OBJECTIVE:Women with epilepsy are at risk of pregnancy complications. Whether these vary globally is unknown. We undertook a systematic review to assess the overall rates of obstetric outcomes in women with epilepsy, and variations in estimates across geographical region, economic status of country, and over time. STUDY DESIGN: We searched Medline, Embase, Cochrane, AMED and CINAHL, (January 1, 1990 and November 29, 2016), without any language restrictions for studies reporting core maternal and fetal outcomes in women with epilepsy. We pooled the results using Freeman-Tukey Transformation random effectsanalysis, and reported our findings as rates of complications per 100 pregnancies with 95% confidence intervals (CI). We assessed for differences in risk across World Health Organisation (WHO) regions, income status, and year of publication. RESULTS: From the 7420 articles screened, we included 60 studies (62 articles). In women with epilepsy (116,105 pregnancies), the commonest complications were caesarean section (29.2 per 100 pregnancies; 95% CI 25.4-33.1, I2=98.44%), and admission to the neonatal intensive care unit (12.5 per 100 pregnancies; 95% CI 9.6-15.8, I2=60.63%).
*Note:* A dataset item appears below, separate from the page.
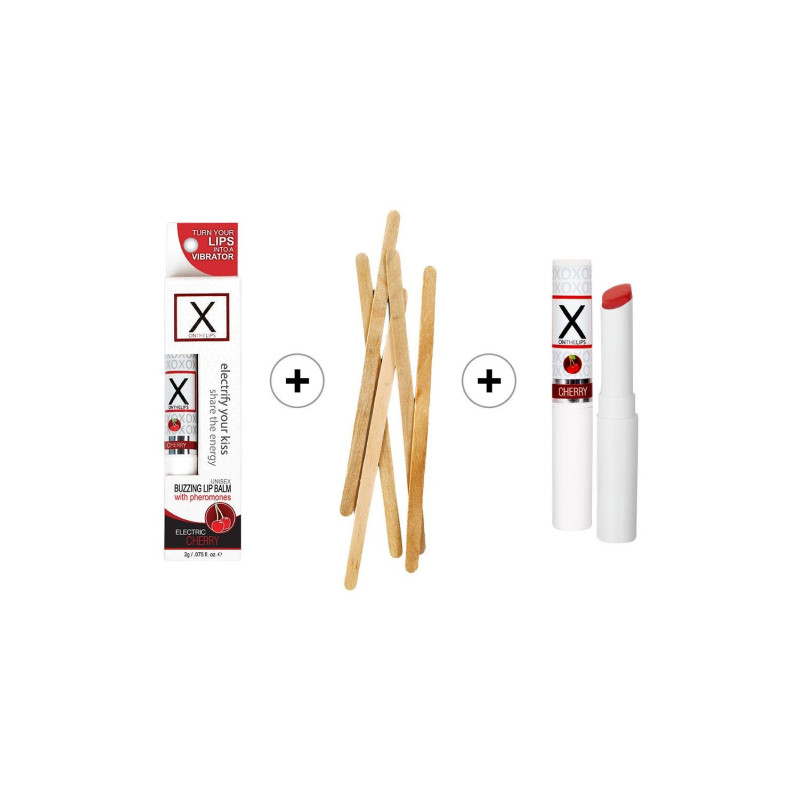 SENSUVA X ON THE LIPS ELECTRIC CHERRY 12 PIECE REFILL PACK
There were significant differences across the WHO regions, with the highest rates of caesarean section (37%, 95% CI 32%-42%); spontaneous miscarriage (39%, 95% CI 35%-44%) and preterm birth (10%, 95% CI 8%-12%) in the Americas; postpartum haemorrhage (9%, 95% CI 7%-12%), hypertensive disorders (14%, 95% CI 8%-21%) and perinatal death (2%, 95% CI 1%-7%) in the Western Pacific; induction of labour (30%, 95% CI 19%-41%) in South East Asia and antepartum haemorrhage (10%, 95% CI 5%-17%) in the Eastern Mediterranean. The reported rates of antepartum haemorrhage, caesarean section, gestational diabetes and spontaneous miscarriage were highest in high income and high-middle income countries. Over time, there was a significant increase in caesarean section, and reduction in stillbirths, perinatal deaths and admission to the neonatal intensive care unit in women with epilepsy. CONCLUSION: There is significant variation in reported maternal and offspring outcomes in pregnant women with epilepsy across geographical regions, economic status of country and over time, which needs to be considered in setting priorities for clinical management and research.